1De David.
Te doy gracias, Señor, de
todo corazón, porque escuchaste las palabras de mi boca; delante de los ángeles
tañeré para ti; 2me postraré hacia tu santuario, daré gracias a
tu nombre: por tu misericordia y tu lealtad, porque tu promesa supera tu fama.
3Cuando te
invoqué, me escuchaste, acreciste el valor en mi alma. 4Que te
den gracias, Señor, los reyes de la tierra, al escuchar el oráculo de tu boca; 5canten
los caminos del Señor, porque la gloria del Señor es grande.
6El Señor es
sublime, se fija en el humilde, y de lejos conoce al soberbio. 7Cuando
camino entre peligros, me conservas la vida; extiendes tu mano contra la ira de
mi enemigo, y tu derecha me salva.
8El Señor
completará sus favores conmigo. Señor, tu misericordia es eterna, no abandones
la obra de tus manos.
Cuando te invoqué, me escuchaste, acreciste el valor de
mi alma. Podríamos recitar este verso, como una jaculatoria o un mantra, al
decir de hoy, durante todo el día.

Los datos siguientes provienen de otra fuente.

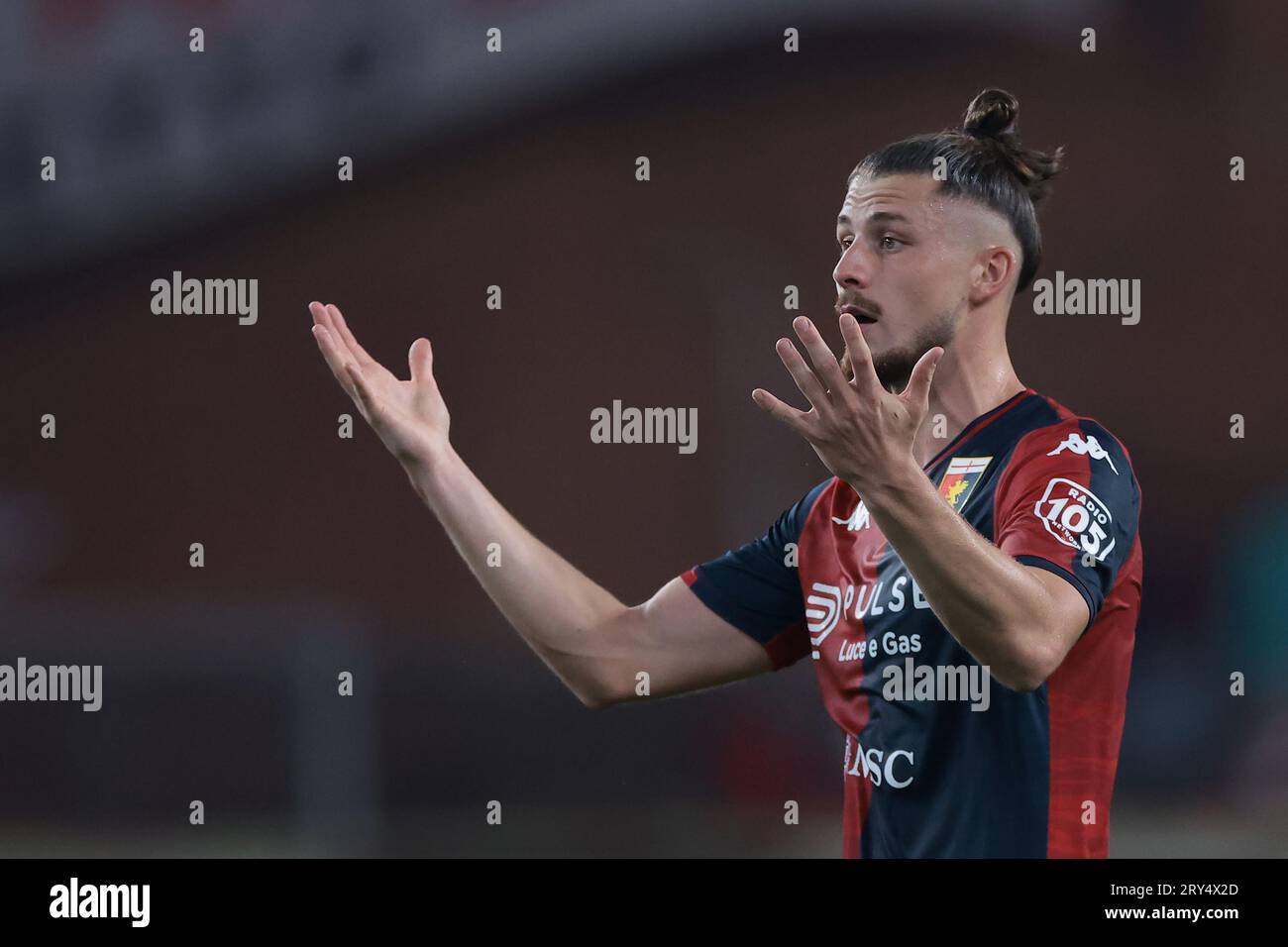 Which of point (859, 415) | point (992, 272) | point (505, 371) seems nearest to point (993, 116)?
point (992, 272)

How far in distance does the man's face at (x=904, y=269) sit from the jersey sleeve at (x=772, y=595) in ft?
1.19

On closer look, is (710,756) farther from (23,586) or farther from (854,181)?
(854,181)

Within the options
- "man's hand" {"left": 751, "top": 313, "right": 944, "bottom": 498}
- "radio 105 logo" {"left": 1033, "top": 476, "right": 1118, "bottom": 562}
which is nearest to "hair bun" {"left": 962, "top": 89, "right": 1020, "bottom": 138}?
"radio 105 logo" {"left": 1033, "top": 476, "right": 1118, "bottom": 562}

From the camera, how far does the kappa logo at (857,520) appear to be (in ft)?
8.78

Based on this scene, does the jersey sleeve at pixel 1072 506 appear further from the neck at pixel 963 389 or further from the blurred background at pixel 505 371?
the blurred background at pixel 505 371

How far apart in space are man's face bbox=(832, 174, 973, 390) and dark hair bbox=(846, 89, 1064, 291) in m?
0.05

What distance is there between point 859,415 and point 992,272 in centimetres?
93

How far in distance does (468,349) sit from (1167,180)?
171 inches

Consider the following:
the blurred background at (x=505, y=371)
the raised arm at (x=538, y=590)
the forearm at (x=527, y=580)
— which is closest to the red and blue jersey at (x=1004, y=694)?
the raised arm at (x=538, y=590)

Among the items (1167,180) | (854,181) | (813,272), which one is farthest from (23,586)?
(1167,180)

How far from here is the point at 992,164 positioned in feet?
9.33

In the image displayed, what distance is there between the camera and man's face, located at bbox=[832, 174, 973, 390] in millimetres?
2686

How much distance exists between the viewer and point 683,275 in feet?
26.2

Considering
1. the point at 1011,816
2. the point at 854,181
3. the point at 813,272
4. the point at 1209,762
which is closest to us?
the point at 1011,816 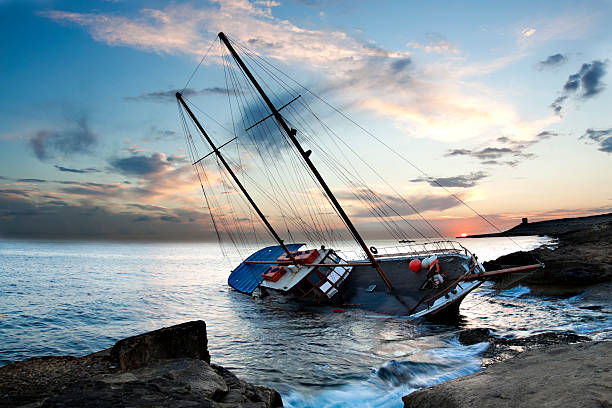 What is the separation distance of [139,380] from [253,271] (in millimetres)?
30252

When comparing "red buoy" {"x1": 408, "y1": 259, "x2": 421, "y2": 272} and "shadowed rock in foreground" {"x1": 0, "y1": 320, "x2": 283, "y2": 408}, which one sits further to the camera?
"red buoy" {"x1": 408, "y1": 259, "x2": 421, "y2": 272}

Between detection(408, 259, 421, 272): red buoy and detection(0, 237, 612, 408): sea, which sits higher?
detection(408, 259, 421, 272): red buoy

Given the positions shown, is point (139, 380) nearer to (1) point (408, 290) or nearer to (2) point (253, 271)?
(1) point (408, 290)

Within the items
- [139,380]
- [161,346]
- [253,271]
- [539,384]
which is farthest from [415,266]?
[139,380]

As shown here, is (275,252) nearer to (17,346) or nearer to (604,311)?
(17,346)

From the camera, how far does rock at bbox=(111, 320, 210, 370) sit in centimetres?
803

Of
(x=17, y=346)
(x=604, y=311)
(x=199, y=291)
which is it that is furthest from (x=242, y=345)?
(x=199, y=291)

La palabra es poderosa, y cuando se dirige
una palabra a Dios, ¡él la llena de sentido y de fuerza!
¿Qué le decimos a Dios? ¿Qué llena nuestro corazón y qué
sale de nuestros labios? Dicen los místicos judíos que la palabra da forma al
espíritu; si es buena, será una energía poderosa para el bien; si es mala, la
energía se volverá negativa y nos destruirá.

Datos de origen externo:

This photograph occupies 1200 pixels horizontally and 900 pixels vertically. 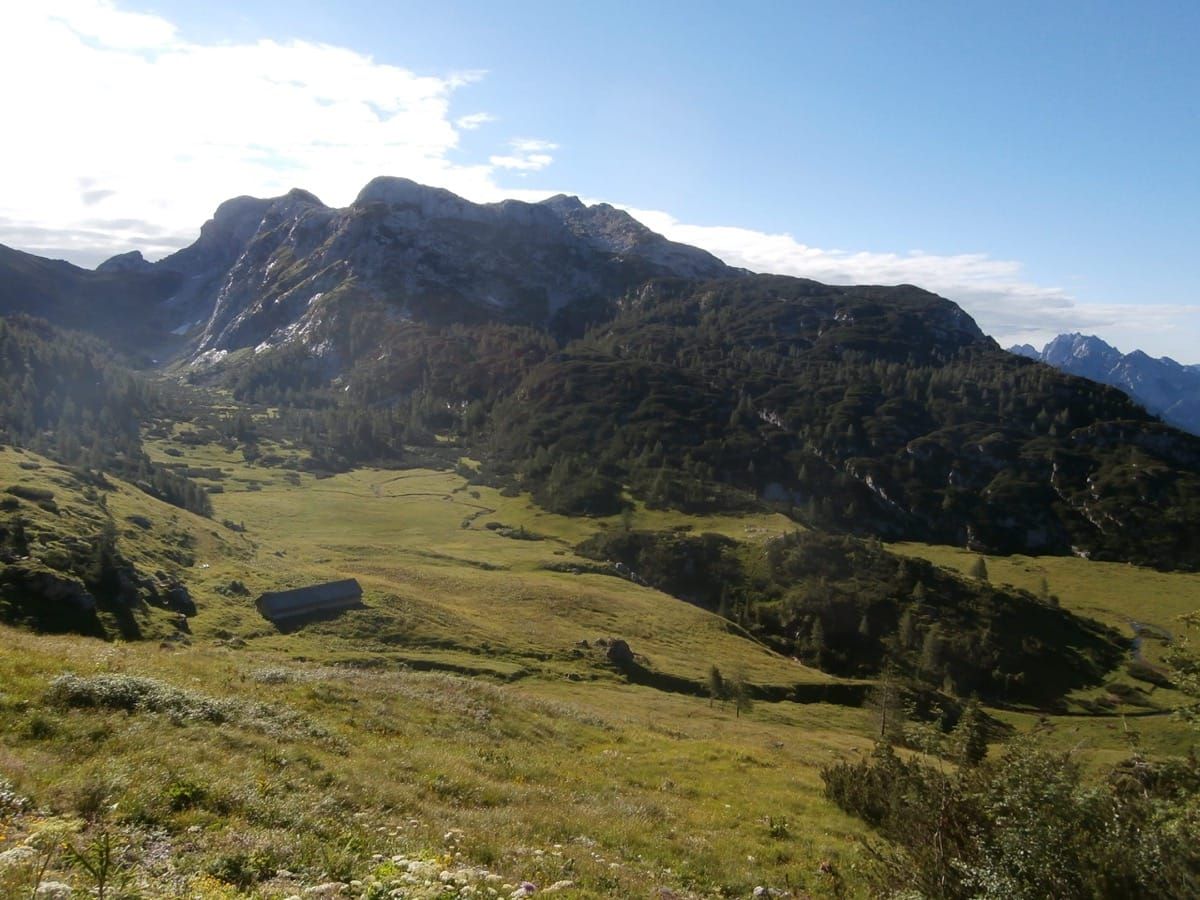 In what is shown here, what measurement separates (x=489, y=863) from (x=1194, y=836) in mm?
12080

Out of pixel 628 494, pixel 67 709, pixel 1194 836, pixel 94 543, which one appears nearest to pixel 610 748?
pixel 67 709

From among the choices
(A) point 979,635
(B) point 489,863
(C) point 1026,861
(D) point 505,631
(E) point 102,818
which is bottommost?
(A) point 979,635

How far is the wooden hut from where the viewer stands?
6091 centimetres

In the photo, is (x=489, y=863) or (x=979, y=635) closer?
(x=489, y=863)

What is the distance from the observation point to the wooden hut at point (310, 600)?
60.9m

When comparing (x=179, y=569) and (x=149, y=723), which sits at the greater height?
(x=149, y=723)

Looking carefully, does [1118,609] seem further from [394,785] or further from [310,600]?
[394,785]

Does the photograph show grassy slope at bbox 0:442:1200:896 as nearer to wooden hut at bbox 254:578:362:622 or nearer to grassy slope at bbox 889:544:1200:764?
wooden hut at bbox 254:578:362:622

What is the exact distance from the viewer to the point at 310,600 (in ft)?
207

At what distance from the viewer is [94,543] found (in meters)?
59.2

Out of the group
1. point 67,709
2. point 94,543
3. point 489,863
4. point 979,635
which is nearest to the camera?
point 489,863

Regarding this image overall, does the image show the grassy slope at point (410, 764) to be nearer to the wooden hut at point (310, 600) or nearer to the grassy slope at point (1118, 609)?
the wooden hut at point (310, 600)

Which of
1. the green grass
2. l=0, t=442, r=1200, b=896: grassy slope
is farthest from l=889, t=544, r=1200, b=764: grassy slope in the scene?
the green grass

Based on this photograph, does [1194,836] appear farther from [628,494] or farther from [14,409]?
[14,409]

Palabra, voz, aliento: ¿qué sale de nosotros? Del rey David,
siempre envuelto en intrigas, guerras y conflictos, salieron muchas palabras.
Pero, por encima de todas ellas, cuando se dirigía a Dios, salieron alabanzas.
Un teólogo explicaba a sus alumnos: los salmos son del
Antiguo Testamento. Son peticiones, súplicas, gritos lanzados al cielo ante un
Dios que, se supone, escucha. Pero los cristianos deberíamos leerlos, y
cantarlos, no en tiempo presente o en imperativo, sino en pasado: no le digas a
Dios, ¡escúchame!, sino más bien: Tú me has escuchado. No le pidas: ¡ayúdame!, sino
dile: ¡Gracias porque me has ayudado! No grites: ¡sálvame!, sino ¡Tú me has
salvado!
Dios ya escucha, ya atiende, ya sabe lo que necesitas. Nos
lo enseñó Jesús. Y sí, está bien pedirle, pero aún es mejor darle gracias. Y si
la gracia que esperamos aún no ha llegado, tranquilos. Porque Dios está fuera
del tiempo, pero nosotros no, y a veces los días se nos hacen eternos y la
espera interminable. Pero aquello bueno que pedimos a Dios, en su momento, y de
la mejor manera, llegará. Para nosotros es un bien futuro, para Dios es una
gracia eternamente presente. Necesitamos tiempo para aprender y madurar.